Abstract Background Hepatocellular carcinoma (HCC) is a significant contributor to cancer-related mortality, ranking third in this regard. The epigenetic regulation of RNA N6-methyladenosine (m6A) modification in HCC has garnered considerable attention. This study utilized bioinformatics analysis and biologically engineered mice models to explore the immune and prognostic role of m6A modification in HCC. Methods We systematically analyzed genetic alterations, expression patterns, signaling pathways, prognostic features, and immunotherapy efficacy of the 21 m6A regulators in HCC as obtained from the Cancer Genome Atlas (TCGA), the Gene Expression Omnibus (GEO, GSE14520, GSE76427), and International Cancer Genome Consortium (IGCG) database; Unsupervised clustering, gene set variation analysis (GSVA), LASSO-COX regression, multivariate Cox regression, Nomogram, receiver operating characteristic (ROC) analysis, TIMER 2.0 and ImmuCellAI were used to perform the above analysis. Our analysis was verified with Mettl3F/FAlbumin-cre (liver-specific knockout, LKO) mice to establish a chemo-induced HCC model. The tumor immune microenvironment was analyzed with immunohistochemistry, immunofluorescence staining, and flow cytometry. Results The genetic alteration of the m6A modification gene set exhibited a correlation with reduced progression-free survival, diminished abundance of macrophage cells, and a lower score for immune cell infiltration.
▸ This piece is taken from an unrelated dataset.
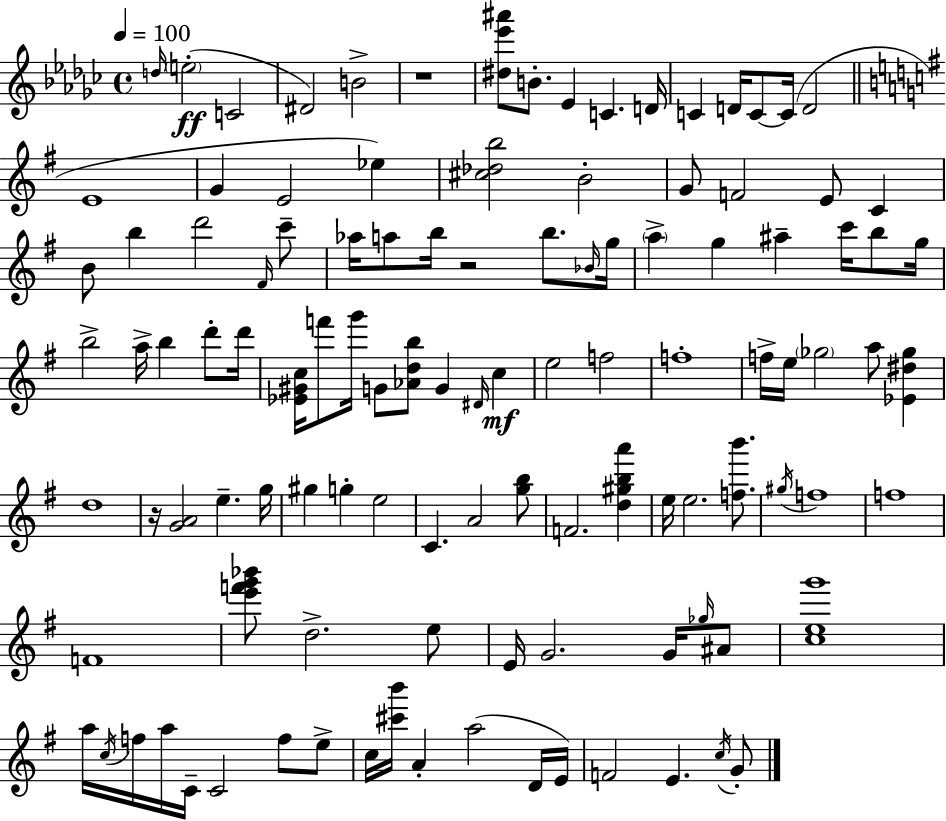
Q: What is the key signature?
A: EES minor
The cluster characterized by lower expression of the m6A gene set was linked to a more favorable overall survival (OS) and immune signaling, including IL2-STAT5, IL6-STAT3, IFN-gamma, and IFN-alpha signaling. Notably, the cluster with higher expression of m6A was associated with a higher homologous recombination deficiency (HRD) score and tumor mutational burden (TMB) score. Results of LASSO COX and the nomogram model underscored the significant contribution of METTL3 in the prognosis and ICB therapy of HCC. The results of Mettl3 LKO mice confirmed that Mettl3 LKO acted as a "rheostat" in the progression of HCC by regulating the mouse liver's myeloid-related innate and adaptive immune landscape. Conclusions In this study, we characterized the genetic, immune, and clinic landscape of the m6A gene set in HCC development and unveiled METTL3 as a molecular biomarker in epigenetic-related progress and ICB therapy of HCC from both informatics database analysis and engineered mice model.